### How to complete this task
For the material below, return exactly the lines starting at the one holding "Photo of Bedroom in Rovittello" and ending at the one holding "പുലര്‍ച്ചെ ആന വിരണ്ടത്", counting both as part of the range.

### Data excerpts
*** Begin section ***

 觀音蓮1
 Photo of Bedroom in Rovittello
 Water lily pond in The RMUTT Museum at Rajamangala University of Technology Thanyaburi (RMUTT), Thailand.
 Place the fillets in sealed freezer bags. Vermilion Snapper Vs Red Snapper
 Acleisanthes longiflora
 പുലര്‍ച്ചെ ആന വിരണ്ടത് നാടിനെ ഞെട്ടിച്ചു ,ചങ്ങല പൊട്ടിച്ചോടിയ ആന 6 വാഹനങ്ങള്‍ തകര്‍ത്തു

*** End section ***
*** Begin section ***

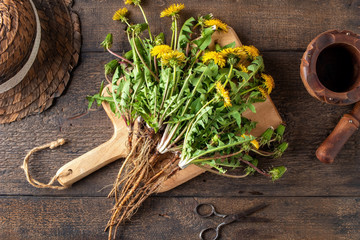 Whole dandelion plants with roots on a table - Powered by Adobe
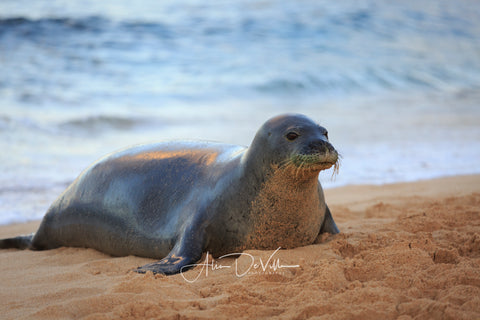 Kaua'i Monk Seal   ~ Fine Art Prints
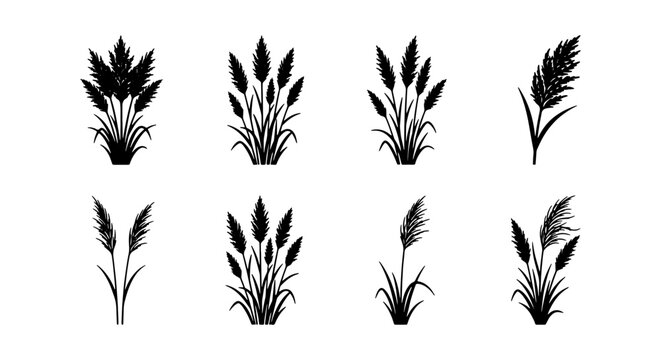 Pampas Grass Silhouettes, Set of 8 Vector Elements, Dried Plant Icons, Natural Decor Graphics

*** End section ***

### Answer area
 Photo of Bedroom in Rovittello
 Water lily pond in The RMUTT Museum at Rajamangala University of Technology Thanyaburi (RMUTT), Thailand.
 Place the fillets in sealed freezer bags. Vermilion Snapper Vs Red Snapper
 Acleisanthes longiflora
 പുലര്‍ച്ചെ ആന വിരണ്ടത് നാടിനെ ഞെട്ടിച്ചു ,ചങ്ങല പൊട്ടിച്ചോടിയ ആന 6 വാഹനങ്ങള്‍ തകര്‍ത്തു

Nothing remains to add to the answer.